Mindful awareness

Wednesday, December 8, 2010

Surrender to find Peace and Stillness

Life is full of beauty and joy. But it also is filled with challenge and struggle. This week I have invited my yoga students to find a still peace by surrendering their struggle. I’ve asked them to evoke an issue against which they have been struggling. It can be as great as grieving a loss of a job or loved one. It can be a crazy end of year schedule. It can be a personal characteristic such as striving for perfection or a need to be accepted. We all struggle and we all can benefit by surrendering.
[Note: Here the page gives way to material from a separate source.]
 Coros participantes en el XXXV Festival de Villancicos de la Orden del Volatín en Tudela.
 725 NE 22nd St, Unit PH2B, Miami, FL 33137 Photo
Whatever the personal struggle, a decision to surrender can support a more peaceful state that puts us more at ease. This is a conscious effort to let go of the struggle. Yoga asana (poses) practice can help find this peaceful state and hip openers are just about the best category of poses to teach surrender. So that’s what we did. Ninety minutes of forward folds and hip openers from prasarita padottanasana (standing wide angle pose) and janu sirsasana (head to knee forward fold) to eka pada rajakapotasana (pigeon pose) and gomukhasana (cow face pose).

Gomukhasana is a particular struggle for most people. Sitting with one knee stacked on top of the other requires that the pelvis, hips, and groins open and relax. We prepared for this pose with the other hip openers, but settling into gomukhasana is usually a struggle even at the end of the practice. Many students feel the muscles around their hips and groins tighten, resisting the stretch. The resistance represents a struggle that prevents a sense of ease in the posture. By following a long, rhythmic breath, my students were able to find an easier stillness in the hips and groins and even a deeper expression of the pose as their hips released the resistance and relaxed. They learned on the mat that being present with the breath can melt the resistance, release the struggle, and create peace and stillness with each exhale.

Now their challenge is to bring this technique with them off the mat as they go back to their lives of love, loss, stress, and struggle. The tools they need are available to them – breathe deeply and rhythmically, surrendering the struggle. They just need to remain present with the struggle long enough to release it and find the peace and stillness.